| npconmode | R Documentation |
npconmode performs kernel modal regression on mixed data,
and finds the
conditional mode given a set of training data, consisting of
explanatory data and dependent data, and possibly evaluation data.
Automatically computes various in sample and out of sample measures of
accuracy.
npconmode(bws,
...)
## S3 method for class 'formula'
npconmode(bws,
data = NULL,
newdata = NULL,
...)
## Default S3 method:
npconmode(bws,
txdat,
tydat,
nomad = FALSE,
proper = NULL,
proper.control = list(),
probabilities = FALSE,
gradients = FALSE,
level = NULL,
...)
## S3 method for class 'conbandwidth'
npconmode(bws,
txdat = stop("invoked without training data 'txdat'"),
tydat = stop("invoked without training data 'tydat'"),
exdat,
eydat,
proper = NULL,
proper.control = list(),
probabilities = FALSE,
gradients = FALSE,
level = NULL,
...)
## S3 method for class 'conmode'
predict(object,
newdata = NULL,
type = c("class", "prob"),
se.fit = FALSE,
...)
## S3 method for class 'conmode'
plot(x, ...)
These arguments identify the bandwidth specification, formula/data interface, and training data.
bws |
a bandwidth specification. This can be set as a |
data |
an optional data frame, list or environment (or object
coercible to a data frame by |
txdat |
a |
tydat |
a one (1) dimensional vector of unordered or ordered factors, containing the dependent data. Defaults to the training data used to compute the bandwidth object. |
object |
an object of class |
x |
an object of class |
These arguments control where the conditional mode is evaluated.
exdat |
a |
eydat |
a one (1) dimensional numeric or integer vector of the true values
(outcomes) of the dependent variable. By default,
evaluation takes place on the data provided by |
newdata |
An optional data frame in which to look for evaluation data. If omitted, the training data are used. |
type |
prediction type for |
se.fit |
a logical value for |
These arguments control stored class probabilities, proper probability normalization, and level-specific class-probability effects.
probabilities |
a logical value. If |
gradients |
a logical value. If |
level |
response level for class-probability gradients/effects and
|
proper |
a logical value or |
proper.control |
a list of controls for discrete probability properization. Currently
|
This argument controls the recommended automatic local-polynomial NOMAD route, which jointly selects continuous polynomial degree and bandwidths when conditional-density bandwidths are computed inside npconmode.
nomad |
logical shortcut passed through to |
Further arguments are passed to the bandwidth-selection counterpart, prediction/evaluation route, or plot route as appropriate.
... |
additional arguments supplied to |
Documentation guide: see np.kernels for kernels,
np.options for global options, and
plot for plotting options.
If bws is not an explicit conbandwidth object,
npconmode computes conditional density bandwidths by forwarding the
call to npcdensbw. The resulting conbandwidth object is
stored unchanged in the returned object's bws component. Regression
type, local-polynomial degree, and NOMAD/search metadata are also mirrored on
the returned conmode object for convenient inspection and summary
reporting; the bandwidth object remains the canonical source.
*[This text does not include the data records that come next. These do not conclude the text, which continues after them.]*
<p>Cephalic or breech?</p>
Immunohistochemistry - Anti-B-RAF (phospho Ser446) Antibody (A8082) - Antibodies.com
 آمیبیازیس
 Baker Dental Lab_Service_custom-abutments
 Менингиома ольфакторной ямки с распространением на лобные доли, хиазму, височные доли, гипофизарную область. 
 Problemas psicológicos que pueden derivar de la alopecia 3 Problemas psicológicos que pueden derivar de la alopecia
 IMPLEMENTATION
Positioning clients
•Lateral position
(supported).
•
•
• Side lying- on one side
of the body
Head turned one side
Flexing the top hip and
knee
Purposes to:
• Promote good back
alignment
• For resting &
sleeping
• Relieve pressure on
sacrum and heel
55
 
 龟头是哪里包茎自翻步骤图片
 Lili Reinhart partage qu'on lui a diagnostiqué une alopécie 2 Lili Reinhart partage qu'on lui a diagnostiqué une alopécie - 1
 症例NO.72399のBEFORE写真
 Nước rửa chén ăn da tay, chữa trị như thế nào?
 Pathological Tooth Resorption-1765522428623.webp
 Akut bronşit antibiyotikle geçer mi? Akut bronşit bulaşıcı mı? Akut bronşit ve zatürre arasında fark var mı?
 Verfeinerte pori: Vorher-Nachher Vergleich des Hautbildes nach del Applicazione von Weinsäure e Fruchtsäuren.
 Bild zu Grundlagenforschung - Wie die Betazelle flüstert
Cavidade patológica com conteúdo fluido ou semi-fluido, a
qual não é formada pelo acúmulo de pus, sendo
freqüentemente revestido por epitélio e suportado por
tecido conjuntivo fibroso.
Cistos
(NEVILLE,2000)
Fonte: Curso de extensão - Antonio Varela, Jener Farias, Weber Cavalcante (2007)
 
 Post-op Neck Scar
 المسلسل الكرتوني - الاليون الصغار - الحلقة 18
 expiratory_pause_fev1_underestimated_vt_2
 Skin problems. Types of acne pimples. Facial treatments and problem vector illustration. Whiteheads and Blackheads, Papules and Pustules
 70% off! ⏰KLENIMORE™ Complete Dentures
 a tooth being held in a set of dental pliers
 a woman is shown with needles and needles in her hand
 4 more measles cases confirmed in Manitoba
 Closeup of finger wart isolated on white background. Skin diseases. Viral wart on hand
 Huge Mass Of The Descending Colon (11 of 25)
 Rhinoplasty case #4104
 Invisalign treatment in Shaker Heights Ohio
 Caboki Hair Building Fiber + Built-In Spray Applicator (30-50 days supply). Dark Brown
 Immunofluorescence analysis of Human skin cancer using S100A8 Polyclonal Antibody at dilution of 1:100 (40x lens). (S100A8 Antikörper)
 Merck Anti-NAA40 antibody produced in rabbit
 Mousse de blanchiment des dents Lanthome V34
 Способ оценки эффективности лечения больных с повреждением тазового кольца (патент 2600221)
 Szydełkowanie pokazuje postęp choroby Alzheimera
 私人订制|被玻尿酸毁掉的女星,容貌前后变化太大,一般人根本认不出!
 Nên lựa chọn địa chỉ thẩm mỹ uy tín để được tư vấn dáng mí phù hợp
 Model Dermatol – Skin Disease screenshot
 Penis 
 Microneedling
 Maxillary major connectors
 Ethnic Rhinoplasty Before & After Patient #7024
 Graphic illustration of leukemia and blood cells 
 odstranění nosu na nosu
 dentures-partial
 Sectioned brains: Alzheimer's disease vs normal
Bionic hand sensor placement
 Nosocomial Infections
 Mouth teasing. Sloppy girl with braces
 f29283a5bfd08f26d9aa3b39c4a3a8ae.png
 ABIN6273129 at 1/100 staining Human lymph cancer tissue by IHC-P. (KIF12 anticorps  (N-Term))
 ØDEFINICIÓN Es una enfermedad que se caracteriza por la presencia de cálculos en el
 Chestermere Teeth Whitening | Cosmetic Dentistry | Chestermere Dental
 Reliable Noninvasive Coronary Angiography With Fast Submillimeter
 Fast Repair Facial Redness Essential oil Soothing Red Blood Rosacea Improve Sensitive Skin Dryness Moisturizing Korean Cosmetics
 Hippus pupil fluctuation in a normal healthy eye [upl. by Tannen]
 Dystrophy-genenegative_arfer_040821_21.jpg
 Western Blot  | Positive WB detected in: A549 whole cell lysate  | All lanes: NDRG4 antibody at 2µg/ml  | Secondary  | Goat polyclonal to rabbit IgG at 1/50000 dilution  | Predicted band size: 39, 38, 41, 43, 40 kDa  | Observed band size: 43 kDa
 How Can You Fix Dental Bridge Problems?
For non-local-constant conditional-mode fits, npconmode constructs
the full set of fitted probabilities over the discrete response support and
projects them onto the probability simplex before selecting and reporting
the modal outcome. Thus the probabilities used for modal selection are
non-negative and sum to one over the discrete support. For binary outcomes
this is the complement contract
\Pr(Y=\ell_2\mid X=x)=1-\Pr(Y=\ell_1\mid X=x). Local-constant fits
are already proper by construction, so omitted proper resolves to
FALSE for regtype="lc" and to TRUE otherwise.
The predict method follows the usual S3
newdata convention. With no evaluation arguments,
predict(fit) extracts the stored modal class and
predict(fit, type="prob") extracts stored class probabilities
when the object was fitted with probabilities=TRUE. With
newdata, predict evaluates the conditional mode at the
supplied rows using the stored bandwidth object. Use
type="prob" to return the full matrix of fitted class
probabilities at the evaluation rows. Use se.fit=TRUE with
type="prob" to return a list containing the class-probability matrix
and the matching asymptotic standard-error matrix. Native evaluator
arguments exdat and eydat remain available for advanced
workflows and take precedence if supplied.
npconmode returns a conmode object with the following
components:
bws |
the |
conmode |
a vector of type |
condens |
a vector of numeric type containing the modal density estimates at each evaluation point |
conderr |
a vector of numeric type containing asymptotic
standard errors for the modal density estimates at each evaluation point.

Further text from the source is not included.